▸ What the task requires
Without skipping a line, reproduce the entries exactly.

▸ Recorded information
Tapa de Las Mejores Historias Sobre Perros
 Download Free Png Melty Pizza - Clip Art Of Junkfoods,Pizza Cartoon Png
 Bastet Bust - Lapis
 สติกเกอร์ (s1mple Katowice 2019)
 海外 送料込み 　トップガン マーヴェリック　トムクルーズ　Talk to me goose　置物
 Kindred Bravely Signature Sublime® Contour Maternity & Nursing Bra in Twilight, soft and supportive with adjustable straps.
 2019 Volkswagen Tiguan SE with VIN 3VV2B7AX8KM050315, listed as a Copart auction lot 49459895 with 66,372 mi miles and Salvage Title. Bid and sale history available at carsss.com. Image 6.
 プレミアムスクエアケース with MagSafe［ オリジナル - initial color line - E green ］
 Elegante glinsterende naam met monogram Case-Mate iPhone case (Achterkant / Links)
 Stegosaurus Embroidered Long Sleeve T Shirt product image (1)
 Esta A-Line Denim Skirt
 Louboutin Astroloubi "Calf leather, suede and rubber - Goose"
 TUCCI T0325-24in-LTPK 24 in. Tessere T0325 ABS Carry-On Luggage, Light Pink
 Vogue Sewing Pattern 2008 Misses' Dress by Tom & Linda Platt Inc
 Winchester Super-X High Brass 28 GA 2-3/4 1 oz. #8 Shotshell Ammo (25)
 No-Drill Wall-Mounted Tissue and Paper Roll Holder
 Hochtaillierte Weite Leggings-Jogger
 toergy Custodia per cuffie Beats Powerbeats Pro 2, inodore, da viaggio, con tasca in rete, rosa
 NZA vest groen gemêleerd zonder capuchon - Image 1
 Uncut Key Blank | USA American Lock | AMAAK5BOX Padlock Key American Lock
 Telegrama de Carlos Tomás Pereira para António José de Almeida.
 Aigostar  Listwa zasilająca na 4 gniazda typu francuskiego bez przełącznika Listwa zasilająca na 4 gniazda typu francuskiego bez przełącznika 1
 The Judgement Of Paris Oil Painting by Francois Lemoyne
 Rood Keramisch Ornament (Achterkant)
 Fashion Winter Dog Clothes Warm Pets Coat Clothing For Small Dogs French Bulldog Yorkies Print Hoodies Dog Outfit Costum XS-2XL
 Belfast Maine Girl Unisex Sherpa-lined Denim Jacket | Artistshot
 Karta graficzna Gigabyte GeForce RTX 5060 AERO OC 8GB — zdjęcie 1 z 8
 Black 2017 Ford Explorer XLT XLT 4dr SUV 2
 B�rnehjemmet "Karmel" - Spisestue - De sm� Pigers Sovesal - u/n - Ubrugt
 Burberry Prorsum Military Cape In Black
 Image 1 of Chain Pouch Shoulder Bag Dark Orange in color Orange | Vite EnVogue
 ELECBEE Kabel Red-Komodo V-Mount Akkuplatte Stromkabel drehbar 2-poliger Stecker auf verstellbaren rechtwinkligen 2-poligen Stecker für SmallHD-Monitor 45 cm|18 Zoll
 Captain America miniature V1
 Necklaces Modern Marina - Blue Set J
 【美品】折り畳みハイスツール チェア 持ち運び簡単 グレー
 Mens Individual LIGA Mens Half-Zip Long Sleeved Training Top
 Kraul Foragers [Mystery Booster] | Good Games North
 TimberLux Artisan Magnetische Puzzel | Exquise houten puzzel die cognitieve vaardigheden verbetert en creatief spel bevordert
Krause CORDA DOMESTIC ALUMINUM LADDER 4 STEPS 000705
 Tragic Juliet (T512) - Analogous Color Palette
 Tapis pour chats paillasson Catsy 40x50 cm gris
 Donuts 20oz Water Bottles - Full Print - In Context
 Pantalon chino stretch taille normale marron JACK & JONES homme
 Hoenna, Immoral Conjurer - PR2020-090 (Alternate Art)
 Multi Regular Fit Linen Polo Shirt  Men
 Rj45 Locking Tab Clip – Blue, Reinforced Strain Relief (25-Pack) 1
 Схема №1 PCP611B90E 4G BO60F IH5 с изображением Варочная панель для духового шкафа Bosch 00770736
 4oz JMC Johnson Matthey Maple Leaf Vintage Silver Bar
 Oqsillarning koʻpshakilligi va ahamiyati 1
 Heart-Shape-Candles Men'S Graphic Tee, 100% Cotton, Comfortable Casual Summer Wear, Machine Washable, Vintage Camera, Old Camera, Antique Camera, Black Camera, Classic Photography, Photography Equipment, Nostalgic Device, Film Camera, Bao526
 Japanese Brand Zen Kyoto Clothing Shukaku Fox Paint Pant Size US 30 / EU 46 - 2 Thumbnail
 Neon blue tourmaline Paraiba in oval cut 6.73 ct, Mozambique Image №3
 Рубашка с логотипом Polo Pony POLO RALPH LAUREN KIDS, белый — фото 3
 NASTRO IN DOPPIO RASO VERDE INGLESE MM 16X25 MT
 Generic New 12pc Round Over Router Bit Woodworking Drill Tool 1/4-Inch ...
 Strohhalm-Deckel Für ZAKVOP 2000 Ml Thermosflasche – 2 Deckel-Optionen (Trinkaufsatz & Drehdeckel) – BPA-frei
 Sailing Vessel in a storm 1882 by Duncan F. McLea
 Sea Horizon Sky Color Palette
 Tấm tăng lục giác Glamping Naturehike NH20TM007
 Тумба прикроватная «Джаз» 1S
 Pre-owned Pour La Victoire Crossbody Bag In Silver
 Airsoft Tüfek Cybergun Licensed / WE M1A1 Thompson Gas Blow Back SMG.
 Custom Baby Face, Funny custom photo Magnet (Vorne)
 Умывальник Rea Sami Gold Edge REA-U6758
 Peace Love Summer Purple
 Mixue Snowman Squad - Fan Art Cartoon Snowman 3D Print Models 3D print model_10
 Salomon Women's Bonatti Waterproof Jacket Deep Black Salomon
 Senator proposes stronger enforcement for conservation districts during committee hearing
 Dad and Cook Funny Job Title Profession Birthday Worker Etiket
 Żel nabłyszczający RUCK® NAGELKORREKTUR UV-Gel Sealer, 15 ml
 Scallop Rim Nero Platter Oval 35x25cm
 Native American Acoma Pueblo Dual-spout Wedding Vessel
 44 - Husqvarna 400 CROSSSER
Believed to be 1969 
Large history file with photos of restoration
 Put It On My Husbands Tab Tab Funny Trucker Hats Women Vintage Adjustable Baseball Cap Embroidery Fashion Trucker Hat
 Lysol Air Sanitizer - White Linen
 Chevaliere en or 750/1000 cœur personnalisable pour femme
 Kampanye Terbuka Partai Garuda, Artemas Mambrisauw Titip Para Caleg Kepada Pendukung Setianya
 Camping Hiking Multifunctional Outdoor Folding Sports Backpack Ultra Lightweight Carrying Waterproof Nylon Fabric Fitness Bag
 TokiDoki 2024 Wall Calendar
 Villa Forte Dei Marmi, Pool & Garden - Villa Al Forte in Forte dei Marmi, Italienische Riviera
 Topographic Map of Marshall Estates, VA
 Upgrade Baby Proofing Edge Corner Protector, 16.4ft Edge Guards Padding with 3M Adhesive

▸ Output of the exercise
Tapa de Las Mejores Historias Sobre Perros
 Download Free Png Melty Pizza - Clip Art Of Junkfoods,Pizza Cartoon Png
 Bastet Bust - Lapis
 สติกเกอร์ (s1mple Katowice 2019)
 海外 送料込み 　トップガン マーヴェリック　トムクルーズ　Talk to me goose　置物
 Kindred Bravely Signature Sublime® Contour Maternity & Nursing Bra in Twilight, soft and supportive with adjustable straps.
 2019 Volkswagen Tiguan SE with VIN 3VV2B7AX8KM050315, listed as a Copart auction lot 49459895 with 66,372 mi miles and Salvage Title. Bid and sale history available at carsss.com. Image 6.
 プレミアムスクエアケース with MagSafe［ オリジナル - initial color line - E green ］
 Elegante glinsterende naam met monogram Case-Mate iPhone case (Achterkant / Links)
 Stegosaurus Embroidered Long Sleeve T Shirt product image (1)
 Esta A-Line Denim Skirt
 Louboutin Astroloubi "Calf leather, suede and rubber - Goose"
 TUCCI T0325-24in-LTPK 24 in. Tessere T0325 ABS Carry-On Luggage, Light Pink
 Vogue Sewing Pattern 2008 Misses' Dress by Tom & Linda Platt Inc
 Winchester Super-X High Brass 28 GA 2-3/4 1 oz. #8 Shotshell Ammo (25)
 No-Drill Wall-Mounted Tissue and Paper Roll Holder
 Hochtaillierte Weite Leggings-Jogger
 toergy Custodia per cuffie Beats Powerbeats Pro 2, inodore, da viaggio, con tasca in rete, rosa
 NZA vest groen gemêleerd zonder capuchon - Image 1
 Uncut Key Blank | USA American Lock | AMAAK5BOX Padlock Key American Lock
 Telegrama de Carlos Tomás Pereira para António José de Almeida.
 Aigostar  Listwa zasilająca na 4 gniazda typu francuskiego bez przełącznika Listwa zasilająca na 4 gniazda typu francuskiego bez przełącznika 1
 The Judgement Of Paris Oil Painting by Francois Lemoyne
 Rood Keramisch Ornament (Achterkant)
 Fashion Winter Dog Clothes Warm Pets Coat Clothing For Small Dogs French Bulldog Yorkies Print Hoodies Dog Outfit Costum XS-2XL
 Belfast Maine Girl Unisex Sherpa-lined Denim Jacket | Artistshot
 Karta graficzna Gigabyte GeForce RTX 5060 AERO OC 8GB — zdjęcie 1 z 8
 Black 2017 Ford Explorer XLT XLT 4dr SUV 2
 B�rnehjemmet "Karmel" - Spisestue - De sm� Pigers Sovesal - u/n - Ubrugt
 Burberry Prorsum Military Cape In Black
 Image 1 of Chain Pouch Shoulder Bag Dark Orange in color Orange | Vite EnVogue
 ELECBEE Kabel Red-Komodo V-Mount Akkuplatte Stromkabel drehbar 2-poliger Stecker auf verstellbaren rechtwinkligen 2-poligen Stecker für SmallHD-Monitor 45 cm|18 Zoll
 Captain America miniature V1
 Necklaces Modern Marina - Blue Set J
 【美品】折り畳みハイスツール チェア 持ち運び簡単 グレー
 Mens Individual LIGA Mens Half-Zip Long Sleeved Training Top
 Kraul Foragers [Mystery Booster] | Good Games North
 TimberLux Artisan Magnetische Puzzel | Exquise houten puzzel die cognitieve vaardigheden verbetert en creatief spel bevordert
Krause CORDA DOMESTIC ALUMINUM LADDER 4 STEPS 000705
 Tragic Juliet (T512) - Analogous Color Palette
 Tapis pour chats paillasson Catsy 40x50 cm gris
 Donuts 20oz Water Bottles - Full Print - In Context
 Pantalon chino stretch taille normale marron JACK & JONES homme
 Hoenna, Immoral Conjurer - PR2020-090 (Alternate Art)
 Multi Regular Fit Linen Polo Shirt  Men
 Rj45 Locking Tab Clip – Blue, Reinforced Strain Relief (25-Pack) 1
 Схема №1 PCP611B90E 4G BO60F IH5 с изображением Варочная панель для духового шкафа Bosch 00770736
 4oz JMC Johnson Matthey Maple Leaf Vintage Silver Bar
 Oqsillarning koʻpshakilligi va ahamiyati 1
 Heart-Shape-Candles Men'S Graphic Tee, 100% Cotton, Comfortable Casual Summer Wear, Machine Washable, Vintage Camera, Old Camera, Antique Camera, Black Camera, Classic Photography, Photography Equipment, Nostalgic Device, Film Camera, Bao526
 Japanese Brand Zen Kyoto Clothing Shukaku Fox Paint Pant Size US 30 / EU 46 - 2 Thumbnail
 Neon blue tourmaline Paraiba in oval cut 6.73 ct, Mozambique Image №3
 Рубашка с логотипом Polo Pony POLO RALPH LAUREN KIDS, белый — фото 3
 NASTRO IN DOPPIO RASO VERDE INGLESE MM 16X25 MT
 Generic New 12pc Round Over Router Bit Woodworking Drill Tool 1/4-Inch ...
 Strohhalm-Deckel Für ZAKVOP 2000 Ml Thermosflasche – 2 Deckel-Optionen (Trinkaufsatz & Drehdeckel) – BPA-frei
 Sailing Vessel in a storm 1882 by Duncan F. McLea
 Sea Horizon Sky Color Palette
 Tấm tăng lục giác Glamping Naturehike NH20TM007
 Тумба прикроватная «Джаз» 1S
 Pre-owned Pour La Victoire Crossbody Bag In Silver
 Airsoft Tüfek Cybergun Licensed / WE M1A1 Thompson Gas Blow Back SMG.
 Custom Baby Face, Funny custom photo Magnet (Vorne)
 Умывальник Rea Sami Gold Edge REA-U6758
 Peace Love Summer Purple
 Mixue Snowman Squad - Fan Art Cartoon Snowman 3D Print Models 3D print model_10
 Salomon Women's Bonatti Waterproof Jacket Deep Black Salomon
 Senator proposes stronger enforcement for conservation districts during committee hearing
 Dad and Cook Funny Job Title Profession Birthday Worker Etiket
 Żel nabłyszczający RUCK® NAGELKORREKTUR UV-Gel Sealer, 15 ml
 Scallop Rim Nero Platter Oval 35x25cm
 Native American Acoma Pueblo Dual-spout Wedding Vessel
 44 - Husqvarna 400 CROSSSER
Believed to be 1969 
Large history file with photos of restoration
 Put It On My Husbands Tab Tab Funny Trucker Hats Women Vintage Adjustable Baseball Cap Embroidery Fashion Trucker Hat
 Lysol Air Sanitizer - White Linen
 Chevaliere en or 750/1000 cœur personnalisable pour femme
 Kampanye Terbuka Partai Garuda, Artemas Mambrisauw Titip Para Caleg Kepada Pendukung Setianya
 Camping Hiking Multifunctional Outdoor Folding Sports Backpack Ultra Lightweight Carrying Waterproof Nylon Fabric Fitness Bag
 TokiDoki 2024 Wall Calendar
 Villa Forte Dei Marmi, Pool & Garden - Villa Al Forte in Forte dei Marmi, Italienische Riviera
 Topographic Map of Marshall Estates, VA
 Upgrade Baby Proofing Edge Corner Protector, 16.4ft Edge Guards Padding with 3M Adhesive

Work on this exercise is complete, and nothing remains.